Author: Thomas Flynn

Validating Project Management ROI

Looking Beyond Skill Sets and Competencies

The objective of this article is to illustrate methods that can be used to validate a Return on Investment (ROI), looking beyond skill sets and competencies.

Generally, organizations that engage in a formal Project Management Training Program will look to validate their investment by initially assessing a marked improvement in individual participant skill set and competency advancement. This is, however, only an initial benchmark of effective project management training and the integration of raised personal attributes and cognizance.

The real test of the validity of a program lies in the participants’ ability to return to the project management environment and make a day-to-day difference in their actual project assignments. This can be measured, stratified and sold by utilizing two different mindsets/methods.

The first mindset/method, best used by an organization that is employing a definitive and mature methodology (defined as a methodology in operation and successfully in use for more than two years), would be to target the areas that comprise their key process indicators (KPIs).

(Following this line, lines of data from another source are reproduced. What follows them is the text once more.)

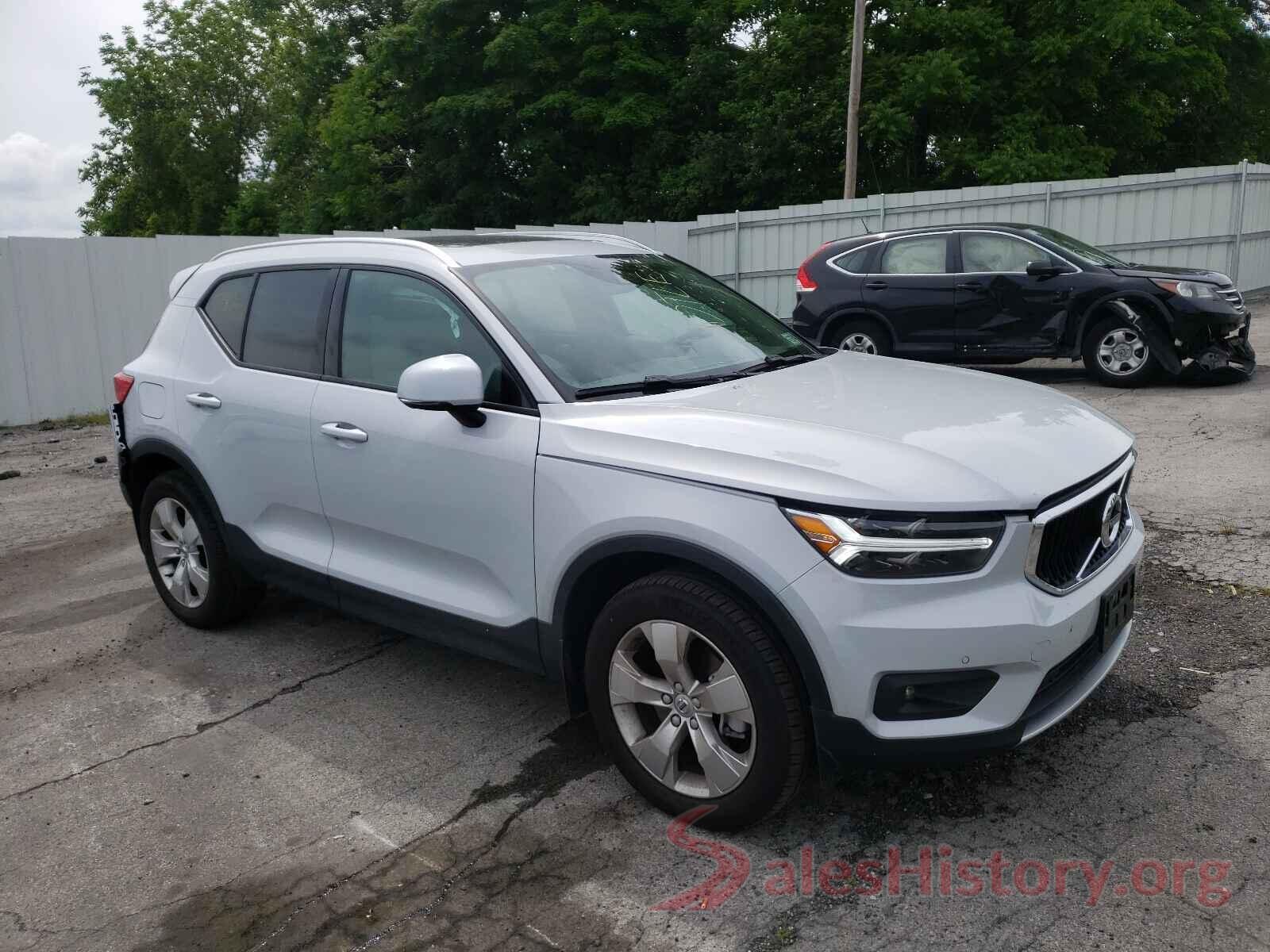 YV4162UK9M2456077 2021 VOLVO XC40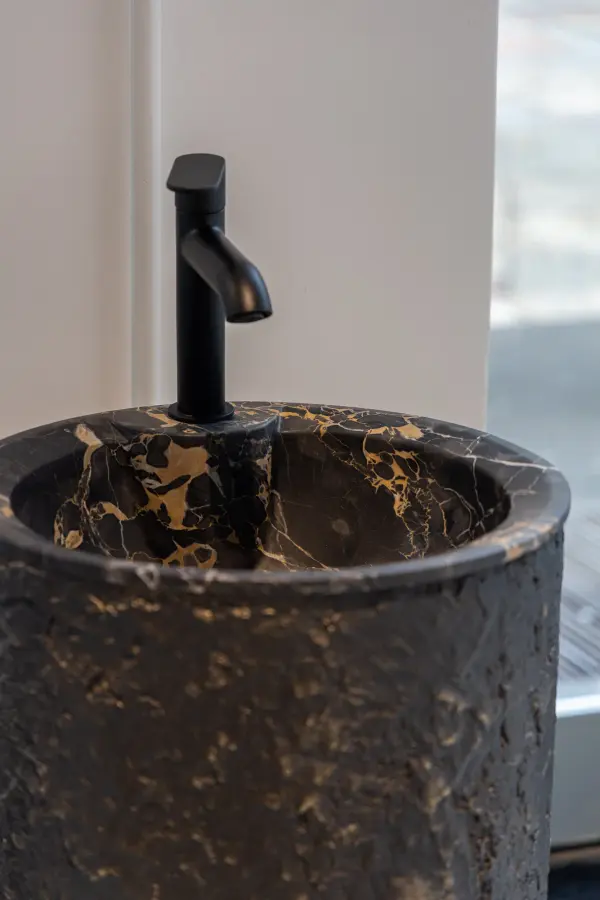 Bronze freestanding marble washbasin, view 3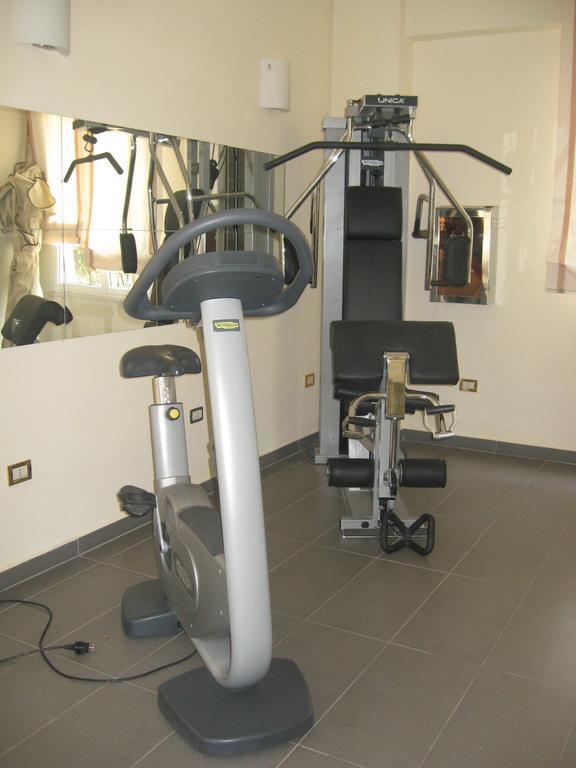 מילאנו מריטימה Hotel Imperiale מראה חיצוני תמונה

These areas would be determined by tracking actual project data over the methodology maturity life cycle, i.e., bolstering the skill and competencies that would make the most positive difference in day-to-day implementation of the definitive methodology.

The second mindset/method would be to utilize the training program content (driven by pre-training interviews) to highlight areas in which the organization is currently taking the most hits on projects. This would include the full range of time, cost, human resource and management issues. The training, in this case Advanced Training, should target specific solutions to these hot spots and, in effect, create the initial benchmark or key

process indicator (KPI) targets against which to track. In doing so, the training would go beyond advanced general topic training to customized course(s) for implementation of the required process steps espoused by the organization.

This would serve as the beginning of a continuous improvement mechanism (the methodology) that can be owned by the project management resources.

Typically, organizations categorized as Level 1 or 2 in a PM-Capability Maturity Model (CMM) schema (either formal or informal), usually have not been tracking projects to a sufficient depth to create any form of accurate and meaningful benchmark/baseline data. The training program development schema, as designed above, would help to establish the initial target baseline that should be monitored at intervals determined prior to the training.

A few scenarios may arise from this approach:

  • Minimal improvement is detected at the first few milestone/review intervals across a wide range of pilot projects, and the participants are at a loss to explain the situation (no increase in cognizance). This would require an examination of the program goals developed from the participant and management anecdotal experience. The current day-to-day situation on the projects would also be reviewed (i.e.,are the scenarios/hot buttons accurate and in alignment with those utilized as course drivers? Did we utilize the wrong targets or the wrong opinions/input?)
  • Improvement has been detected at the first few milestone/review intervals across a wide range of pilot projects. The participants have additional information as to where there are “roadblocks” (process or organizational) to further applying the skills the program targeted and transferred (increase in cognizance). This situation, although not exhibiting marked or substantial improvement, is very favorable, as the participants have been active in the implementation of the program’s information. Through a level of raised cognizance, they can identify improvement opportunities ahead of them.
  • That being said, one must then analyze the improvement opportunities for real and substantive issues versus the possibility of identifying further excuses for lackluster performance. If you are working with an outside entity to assist your efforts, it is important that you are involved in this process, as you know your folks best.
  • An important piece to mention is that once the real and substantive issues have been identified, the organization should develop a positive response and implementation strategy, including a timeline, to clear them up. If not, the effort will be unsuccessful as the participants may feel as if “they [management] were trying to fix us rather than educate us to recognize what is and is not working.”
  • The last scenario is that marked and substantial improvement is detected at the first few milestone/review intervals across a wide range of pilot projects and the participants have additional information as to where other improvement opportunities are available (increase in cognizance). As stated above, we would then analyze these areas of possible improvement for cost of implementation and value of return. This is slightly different from above due to the fact that in this scenario the “bleeding” has stopped, and the project is in far better shape. We therefore could be more deliberate in our approach to the improvement opportunity planning and implementation.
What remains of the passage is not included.